Während in der katholischen Kirche die Anstrengung, die man auf sich nehmen muss, um den Weg zu den heiligen Überresten eines oder einer Heiligen zu Fuß zurückzulegen, von Bedeutung ist, haben die orthodoxen Wallfahrten andere Merkmale. Die Menschen stehen Schlange (in Iaşi kilometerlang und warten Dutzenden von Stunden) und sobald sie die Reliquien der Heiligen erreichen, beten sie sie an und berühren sie, in einem möglichst direkten Kontakt mit diesem. Die Pilgernden kommen aus allen Altersgruppen, es sind sowohl Frauen als auch Männer, sie entstammen allen Gesellschaftsschichten. Sie kommen größtenteils aus Rumänien.
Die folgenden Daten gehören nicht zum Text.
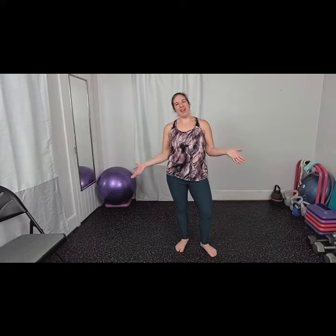Good morning everybody, my name is Kata. Welcome to K2B Fitness and welcome to day eight of your 12 days of fitness. Today we are going to do eight jumping elves, which is eight jumping jacks.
In den Augen der Nichtgläubigen sind Pilgerfahrten Anachronismen der Postmoderne. Nach Ansicht von Forschern auf diesem Gebiet sind Pilgernde seit jeher mit einem Stigma behaftet. In der jahrtausendelangen Geschichte der rumänischen Orthodoxie sind Wallfahrten wie die zur Heiligen Parascheva jedoch eine relativ junge religiöse Praxis. Sie entstanden Ende der 1990er-Jahre, nach dem Fall des Kommunismus, als einige Menschen anstelle des zusammengebrochenen Systems das Bedürfnis verspürten, ihrer Existenz einen Sinn und eine Richtung zu geben. Einige fanden diese in Pilgerreisen. Der Wallfahrt in Iaşi, die kurz nach dem 14. Oktober endet, folgen andere in Bukarest. Zu den bekannten Wallfahrtsorten zählen Cernica in der Nähe der Hauptstadt, Nicula im Herzen Siebenbürgens und Curtea de Argeș im Süden Rumäniens.